Dalam UUPA 1960 Poin 5 yang mengatur redistribusi lahan, menyebutkan petani dibatasi menguasai minimal 5 hektar dan maksimal 15 hektar di daerah kota. Sedangkan, di wilayah yang tidak padat penduduk, lahan yang dikuasai petani minimal 5 hektar dan maksimal 20 hektar. Menurut Vara, kedudukan UUPA sangat penting guna menjadi payung hukum dalam menjalankan reforma agraria.

“Harapan kami cuma satu, cabut UUPA dari Prolegnas dan juga laksanakan reforma agraria sesuai mandat UUPA dan beserta program-program penunjangnya,” paparnya.

Menurut Vara, UUPA 1960 merupakan salah satu bentuk kemenangan pada masa awal pembentukan Indonesia oleh kelompok gerakan dan buruh tani. UUPA menjadi salah satu regulasi dengan tujuan melancarkan dan mengembangkan industrialisasi nasional.

Namun demikian, menurut Vara, alih-alih melaksanakan reforma agraria sesuai dengan mandat UUPA, pemerintah justru terus memojokkan sektor pertanian menurut skala ekonomi yang menguntungkan mereka. Seperti halnya pembangunan Proyek Strategis Nasional (PSN) yang terus menggusur tanah-tanah pertanian, petani tidak memiliki hak kuat meskipun didorong dengan UUPA.

“Tapi nyatanya, sampai saat ini, tidak ada penyelesaian dari negara itu sendiri,” ujarnya.

Senada dengan itu, Misidah, anggota Kelompok Tani Karisma merasa dampak dari UUPA yang dimasukan ke dalam Prolegnas akan membahayakan keberlangsungan pekerjaan petani. Ia menyebutkan, lahan petani di Kulonprogo semakin sempit akibat alih fungsi lahan. Revisi pada UUPA berpotensi melibatkan kepentingan elit dalam mendorong pembangunan yang mengikis lahan pertanian.

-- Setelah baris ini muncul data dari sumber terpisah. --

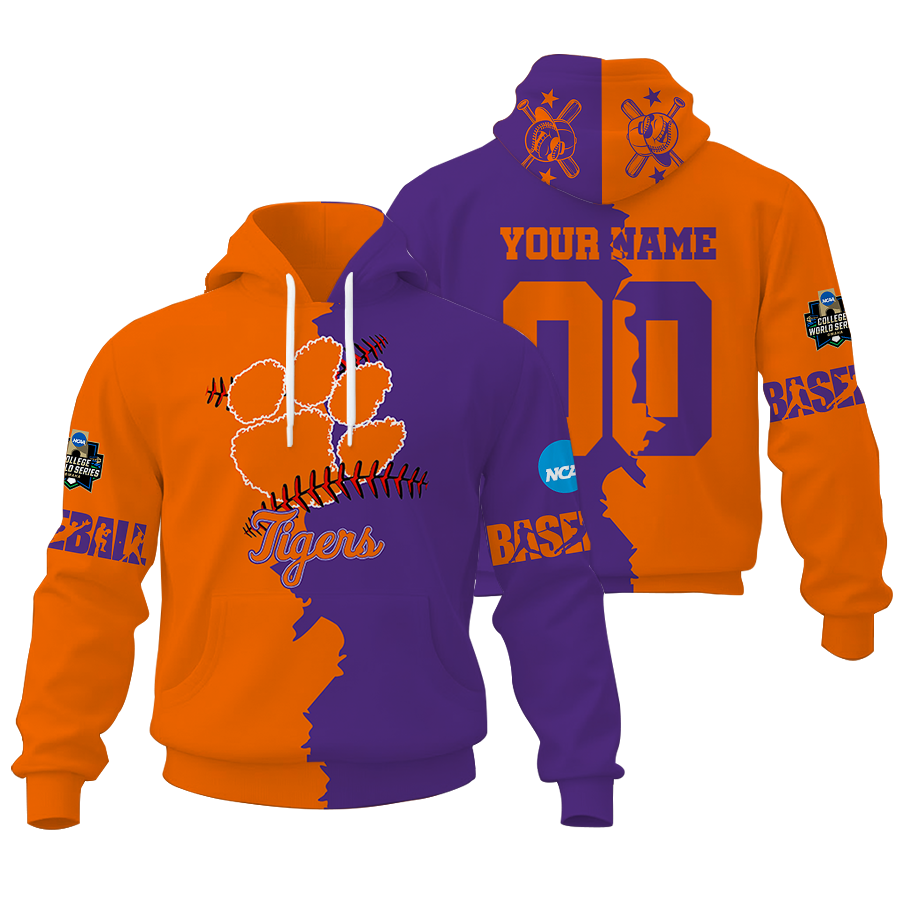 FINAL CLEARANCE - NEW CUSTOMIZED COLLEGE WORLD SERIES NCAA25 CLEMSON TIGERS UNISEX HOODIE & ZIP HOODIE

Misidah turut menyoroti maraknya pembangunan yang dilakukan oleh pemerintah juga berdampak pada kerusakan lingkungan. Ia mengungkap, para petani pontang-panting oleh perubahan siklus iklim yang tidak menentu. Selain itu pula, kerusakan ekosistem berakibat pada perkembangbiakan hama berlebih turut menjadi faktor menurunnya penghasilan petani. Namun demikian, belum ada upaya pasti dari pemerintah untuk menanggulanginya.

“Harapan kami adalah (pemerintah) seperti (mengadakan) reboisasi, kemajuan, dan juga membangun iklim yang lebih baik,” pungkasnya saat diwawancarai ARENA.